(WORK REQUIRED): Can you pull out each line of the data below that includes the word "DATSUN"?

(PROVIDED ENTRIES):

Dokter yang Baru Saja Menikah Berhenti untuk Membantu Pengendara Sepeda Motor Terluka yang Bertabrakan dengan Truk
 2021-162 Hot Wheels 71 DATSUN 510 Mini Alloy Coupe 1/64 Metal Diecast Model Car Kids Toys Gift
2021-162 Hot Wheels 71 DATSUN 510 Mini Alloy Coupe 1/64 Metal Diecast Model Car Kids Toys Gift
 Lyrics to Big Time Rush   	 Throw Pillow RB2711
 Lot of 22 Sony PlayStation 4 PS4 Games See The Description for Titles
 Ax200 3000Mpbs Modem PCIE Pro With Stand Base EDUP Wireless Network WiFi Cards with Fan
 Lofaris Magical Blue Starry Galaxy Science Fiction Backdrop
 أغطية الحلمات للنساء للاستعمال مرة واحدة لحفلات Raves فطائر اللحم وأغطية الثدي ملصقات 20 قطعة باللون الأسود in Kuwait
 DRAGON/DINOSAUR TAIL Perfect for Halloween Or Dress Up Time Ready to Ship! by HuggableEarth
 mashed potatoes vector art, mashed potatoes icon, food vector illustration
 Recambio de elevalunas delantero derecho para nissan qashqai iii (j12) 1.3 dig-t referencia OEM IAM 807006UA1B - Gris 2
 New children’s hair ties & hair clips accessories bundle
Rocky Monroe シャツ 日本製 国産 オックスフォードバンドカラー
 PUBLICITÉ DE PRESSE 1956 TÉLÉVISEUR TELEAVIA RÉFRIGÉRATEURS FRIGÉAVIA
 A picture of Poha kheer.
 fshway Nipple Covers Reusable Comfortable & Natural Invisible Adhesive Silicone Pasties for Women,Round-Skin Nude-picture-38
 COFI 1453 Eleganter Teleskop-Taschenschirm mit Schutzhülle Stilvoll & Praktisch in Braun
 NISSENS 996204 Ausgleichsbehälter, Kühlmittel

(COMPLETED EXERCISE):
 2021-162 Hot Wheels 71 DATSUN 510 Mini Alloy Coupe 1/64 Metal Diecast Model Car Kids Toys Gift
2021-162 Hot Wheels 71 DATSUN 510 Mini Alloy Coupe 1/64 Metal Diecast Model Car Kids Toys Gift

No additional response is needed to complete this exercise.